◆ TASK STATEMENT ◆
All of the data that follows is to be printed exactly, without pictures.
═══ GIVEN DATA
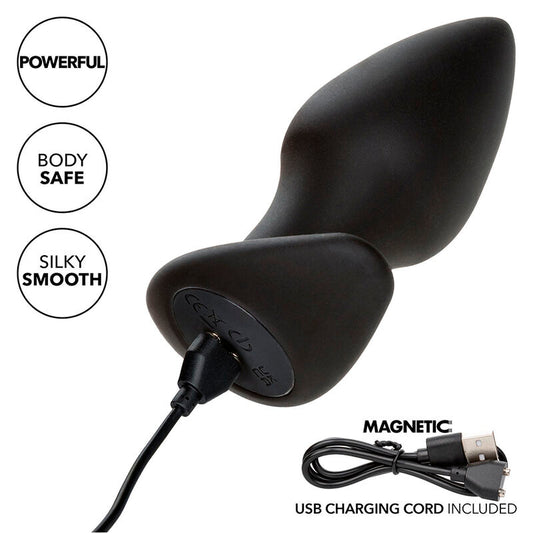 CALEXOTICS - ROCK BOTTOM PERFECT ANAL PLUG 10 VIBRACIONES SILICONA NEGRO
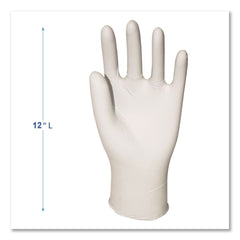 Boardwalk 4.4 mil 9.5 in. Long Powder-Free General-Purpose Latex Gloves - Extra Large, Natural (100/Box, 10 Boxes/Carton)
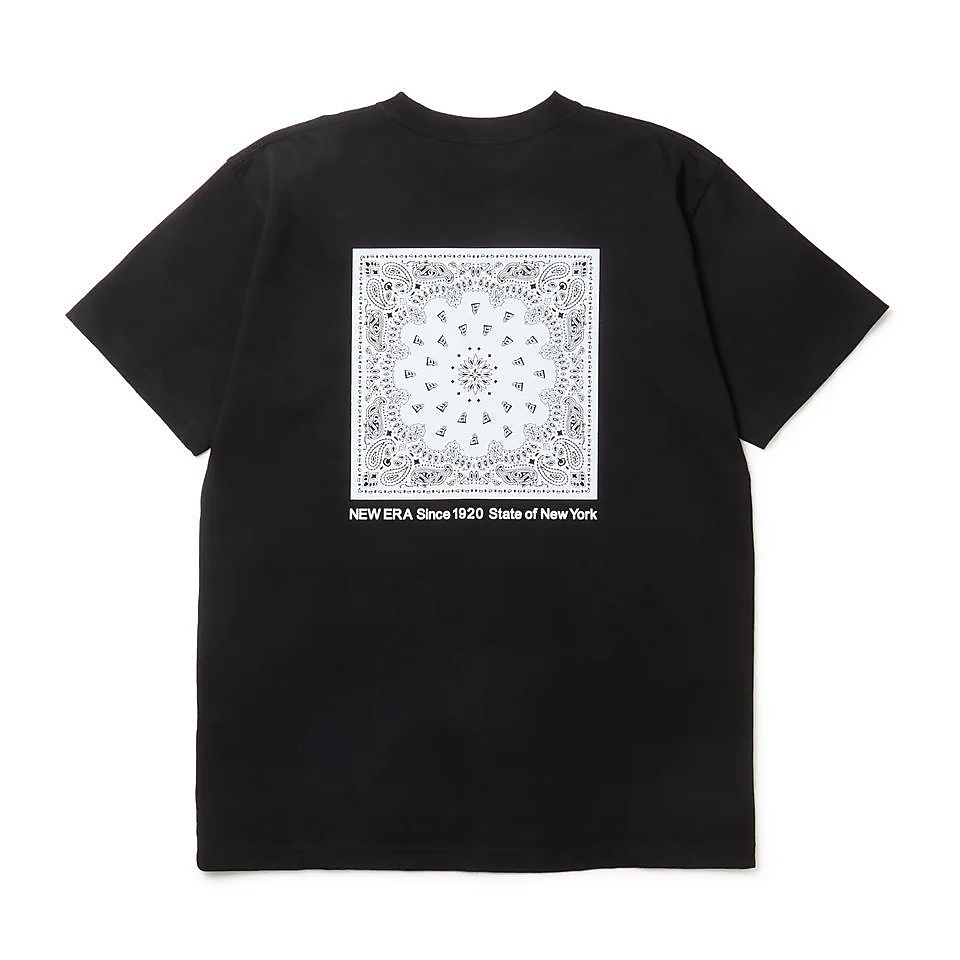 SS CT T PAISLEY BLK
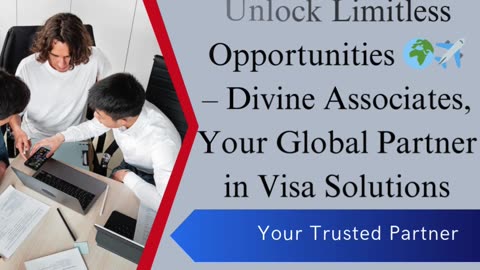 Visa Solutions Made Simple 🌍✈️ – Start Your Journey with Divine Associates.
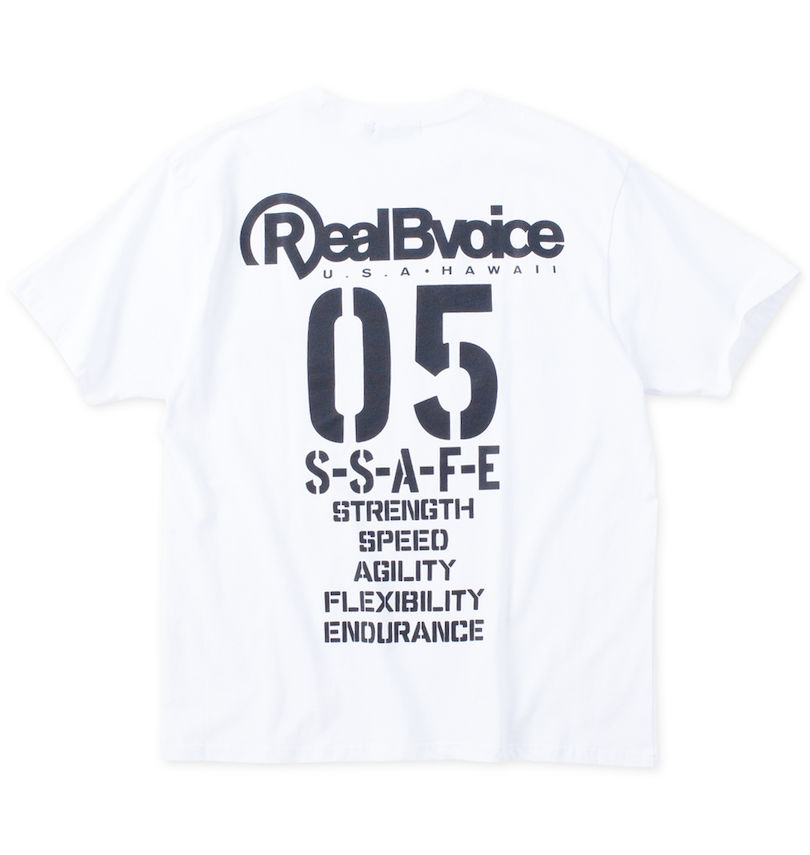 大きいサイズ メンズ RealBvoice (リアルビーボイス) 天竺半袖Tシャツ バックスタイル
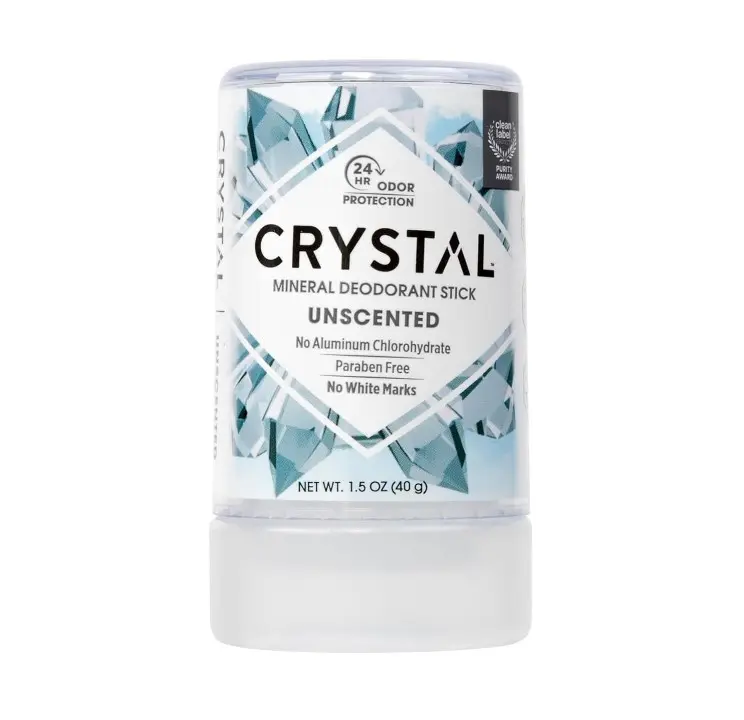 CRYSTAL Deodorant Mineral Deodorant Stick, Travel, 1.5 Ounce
══════
◆ REPLY ◆
 CALEXOTICS - ROCK BOTTOM PERFECT ANAL PLUG 10 VIBRACIONES SILICONA NEGRO
 Boardwalk 4.4 mil 9.5 in. Long Powder-Free General-Purpose Latex Gloves - Extra Large, Natural (100/Box, 10 Boxes/Carton)
 SS CT T PAISLEY BLK
 Visa Solutions Made Simple 🌍✈️ – Start Your Journey with Divine Associates.
 大きいサイズ メンズ RealBvoice (リアルビーボイス) 天竺半袖Tシャツ バックスタイル
 CRYSTAL Deodorant Mineral Deodorant Stick, Travel, 1.5 Ounce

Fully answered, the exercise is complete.